╭─ Given information
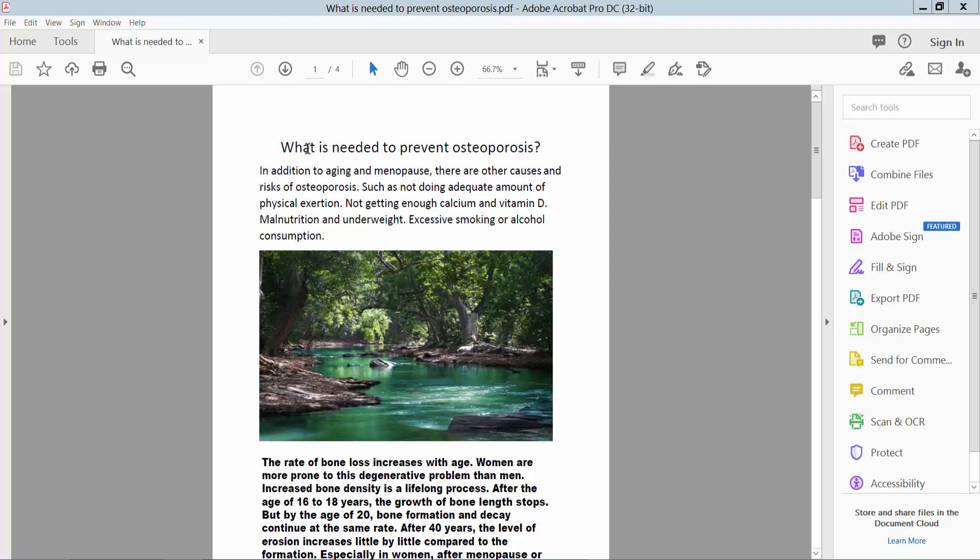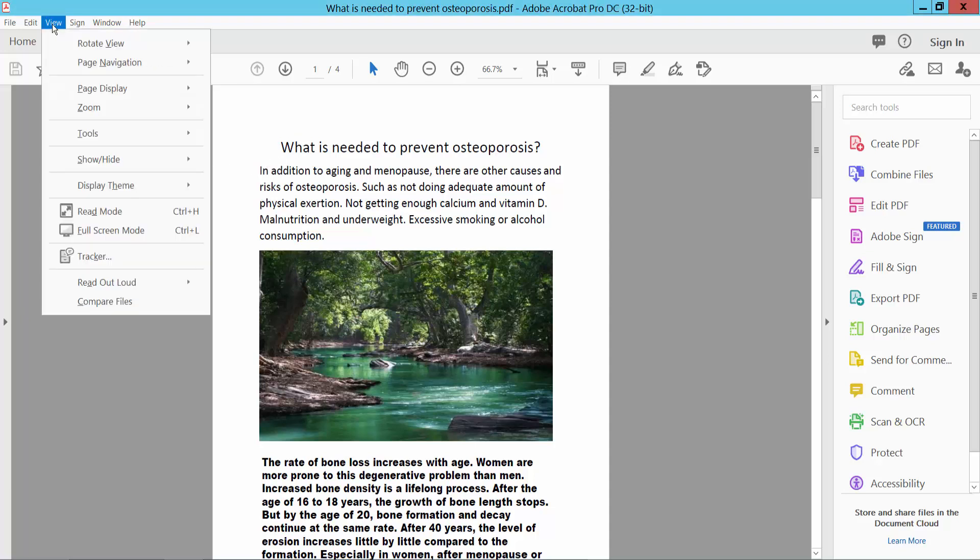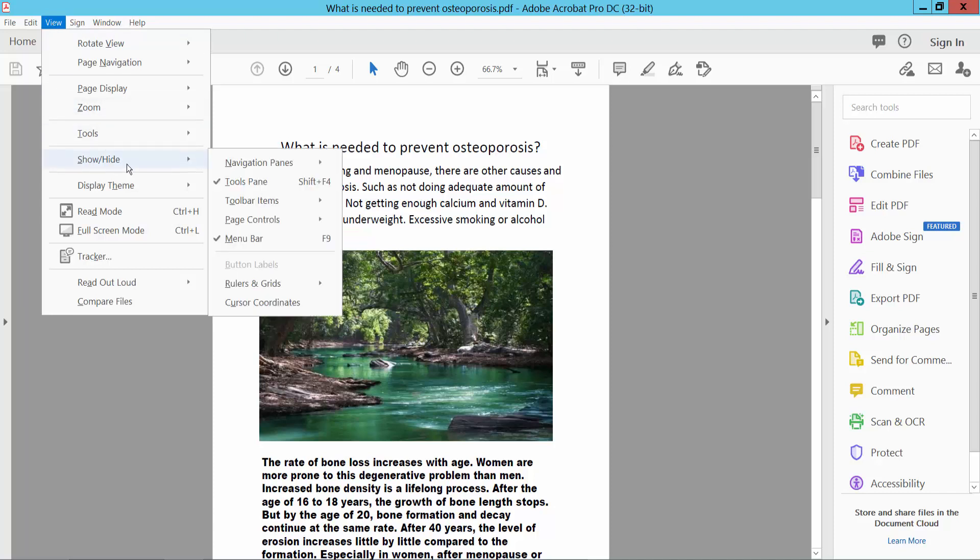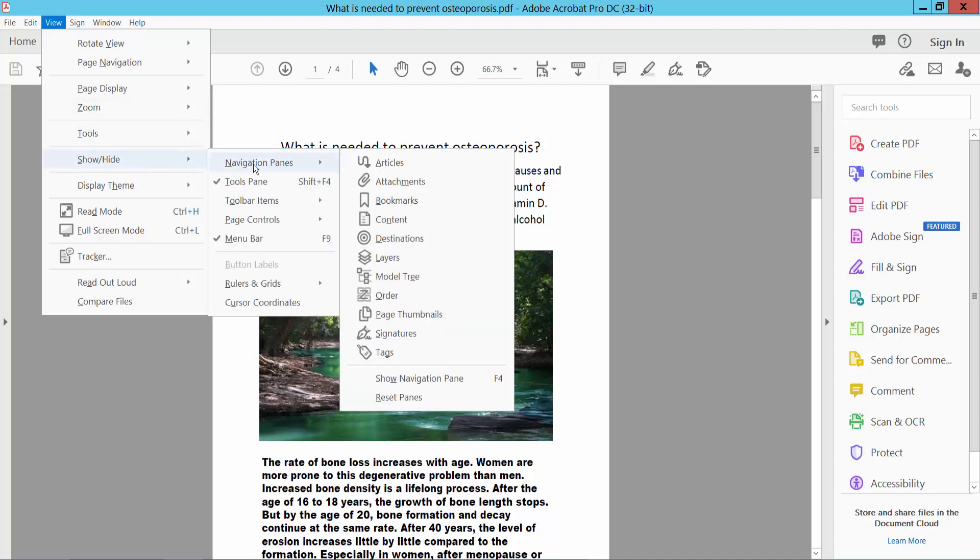Open your PDF file and select the View option, then select Show or Hide, and select Page Navigation Pane. Here we will find the Tags option.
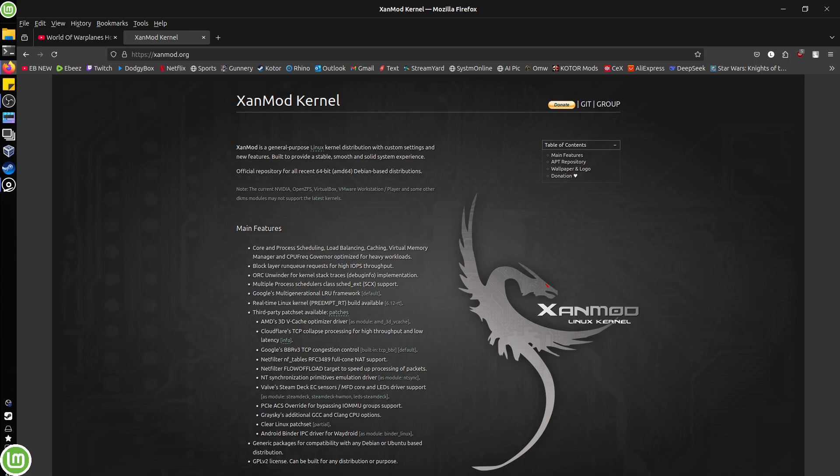So the only thing with Xanmod is, look, you do this off your own back at your own risk. This is what I do. I don't necessarily recommend that you do it. Because Xanmod kernel installation requires a little bit of endeavor from you guys and girls. And if you suffer from acute CBA, i.e. you can't be arsed, do not touch this with a barge pole.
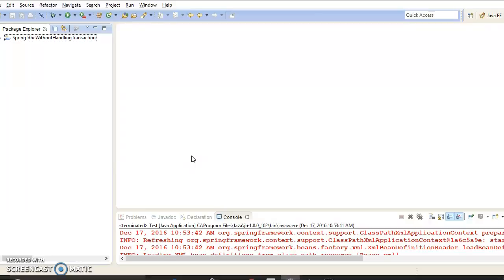In this video tutorial I am going to discuss about programmatic transaction management. Programmatic transaction management gives greater control to the user in setting up transaction boundaries. It is possible to set up transaction boundaries to a specific part of your code.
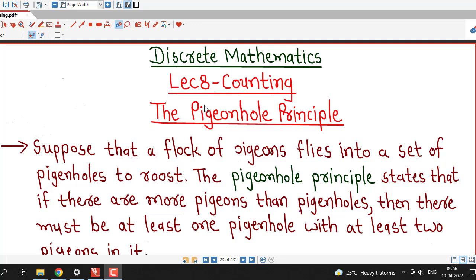Hello friends, I welcome you in lecture number 8 on counting. In this lecture we are going to discuss about the pigeonhole principle.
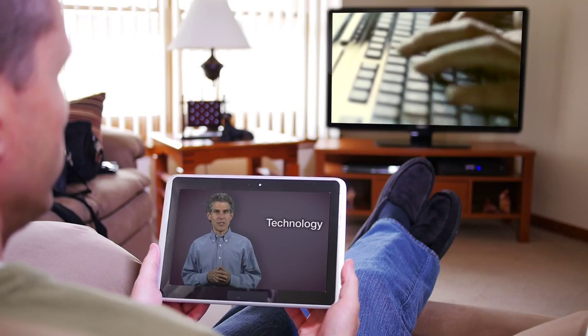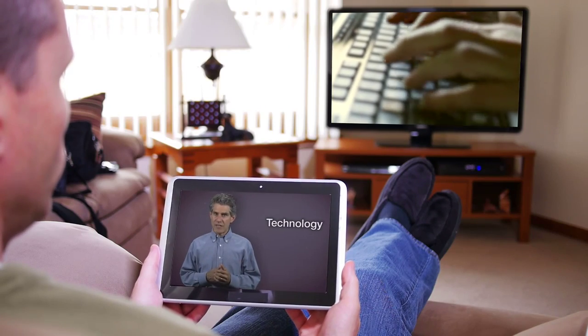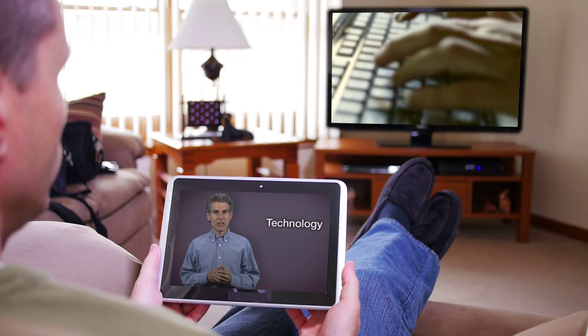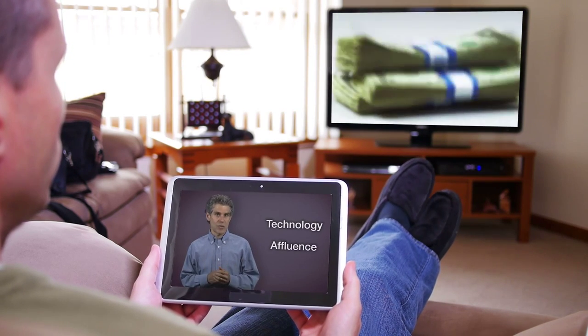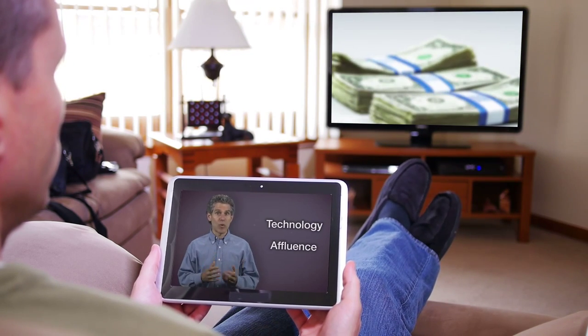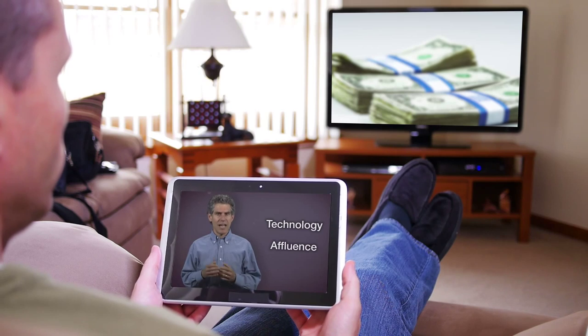Remember that another part of the IPAT equation is affluence and technology. The developed world is using a lot more technology and generally has more financial resources to buy more things, and so those things are having an impact on the natural environment.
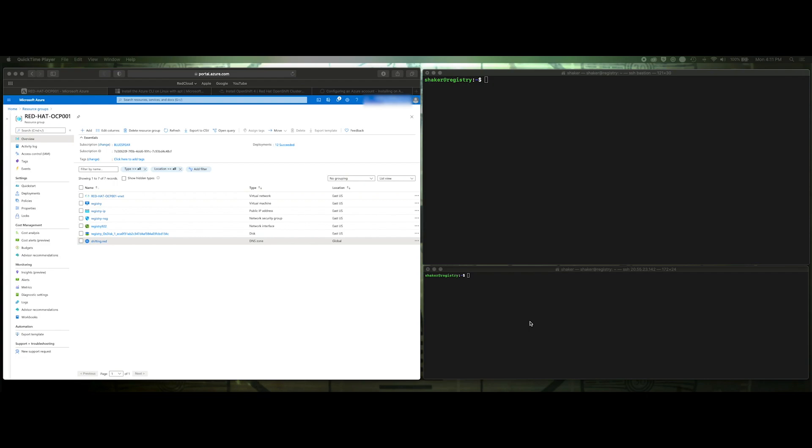Hello and welcome to the second part of our two-part series of installing Red Hat OpenShift Container Platform with a disconnected registry. In our first video, we actually built the registry, so if you haven't seen that video yet, I definitely recommend checking that out first.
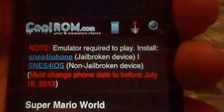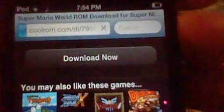There you go — see, emulator required to play and install the SNES for iOS, which is the one we're using. You must change your phone date back to your modern day time in 2013, or else it won't work. Scroll down to the bottom, choose the download now, as if you would on your actual computer emulator.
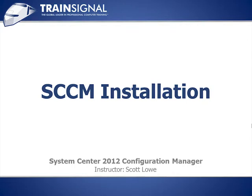Hello, welcome to TrainSignal. This is the System Center 2012 Configuration Manager Installation lesson in the System Center 2012 Configuration Manager training course.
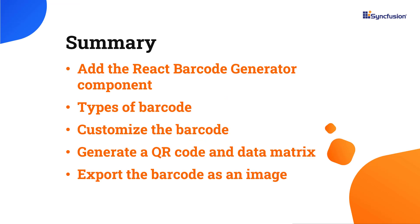In this video, I have shown you how to add the Syncfusion Barcode Generator component to a React application, configure the barcode types, QR codes, and data matrices, and customize its dimensions, colors, and fonts. I've also shown you how to export the generated barcode as an image.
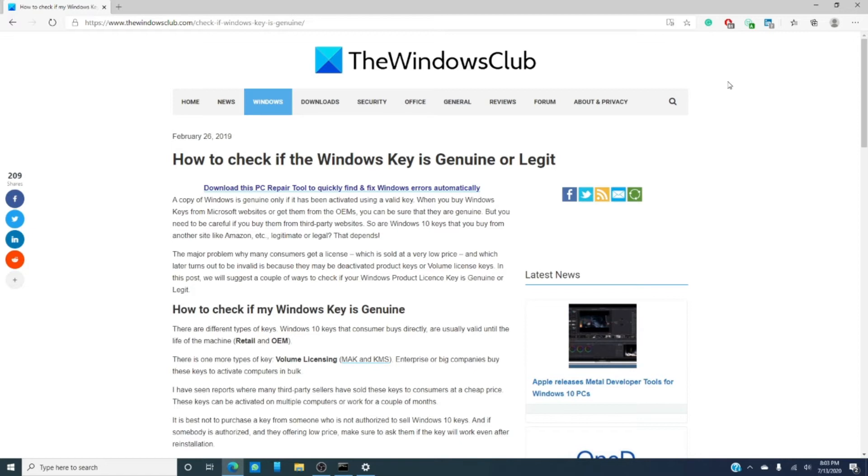There are two types of keys: one that consumers buy either directly from Microsoft or through the purchase of an OEM computer, and then there are the volume licenses, the MAKs, the KMSs, that Enterprise buy to activate computers in bulk.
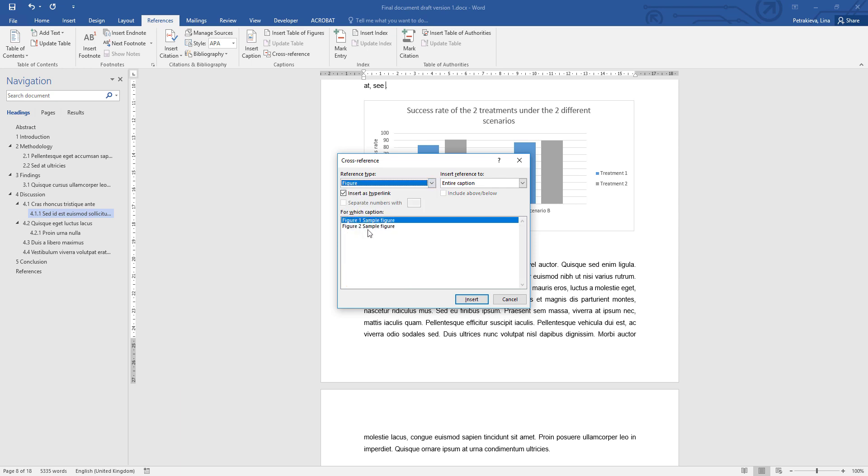It will list the two figures it knows about, so you can click on the one you want to refer to. And then you choose what you need in the text to appear. Obviously you don't want the entire caption, so usually it's just label and number that is needed.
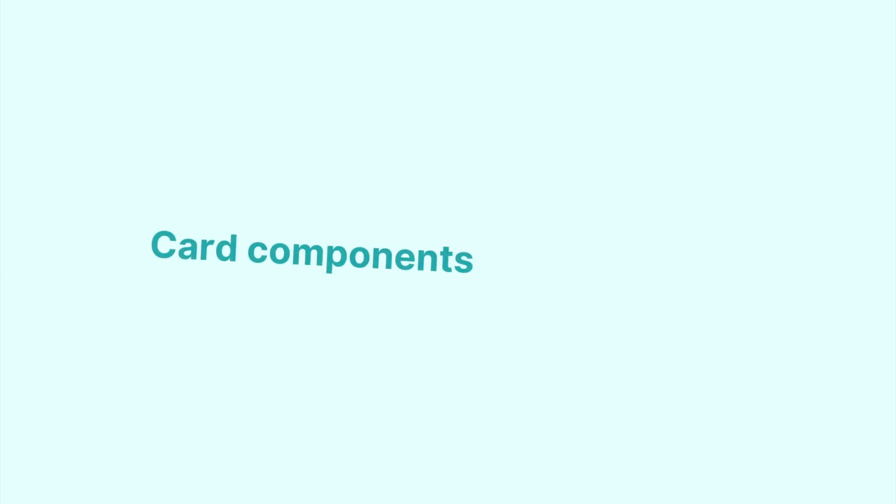Because of their versatility, cards are heavily used on many websites today. Chakra UI exports four components to help you create a card seamlessly.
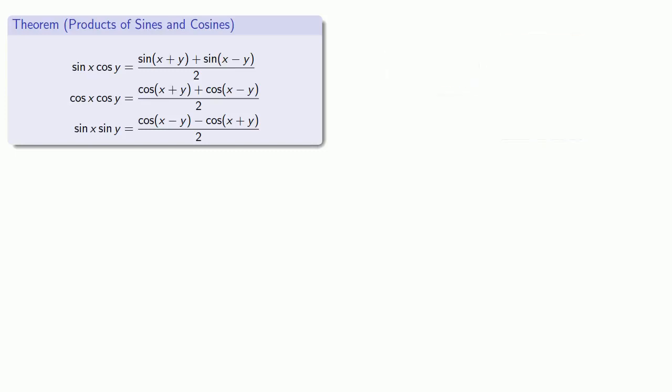And as our good friend Leonard Euler points out, these should actually be proven. And we'll leave those as exercises.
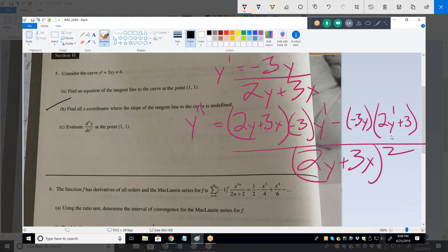Yes, that's only because they ask for it at the same point. If they asked for it at (2,3), we could have plugged (2,3) into Y prime and then substituted that. So Y double prime equals: numerator is (2·1 + 3·1) times (negative 3 times negative 3/5), minus negative 3·1 times (2 times negative 3/5 plus 3), all over (2·1 + 3·1) squared.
╰─
▶ _Work item_
Beginning with the line that holds "It will list", return each line through the end of the records above exactly. Do not include pictures.

▶ _The answer_
It will list the two figures it knows about, so you can click on the one you want to refer to. And then you choose what you need in the text to appear. Obviously you don't want the entire caption, so usually it's just label and number that is needed.
Because of their versatility, cards are heavily used on many websites today. Chakra UI exports four components to help you create a card seamlessly.
And as our good friend Leonard Euler points out, these should actually be proven. And we'll leave those as exercises.
Yes, that's only because they ask for it at the same point. If they asked for it at (2,3), we could have plugged (2,3) into Y prime and then substituted that. So Y double prime equals: numerator is (2·1 + 3·1) times (negative 3 times negative 3/5), minus negative 3·1 times (2 times negative 3/5 plus 3), all over (2·1 + 3·1) squared.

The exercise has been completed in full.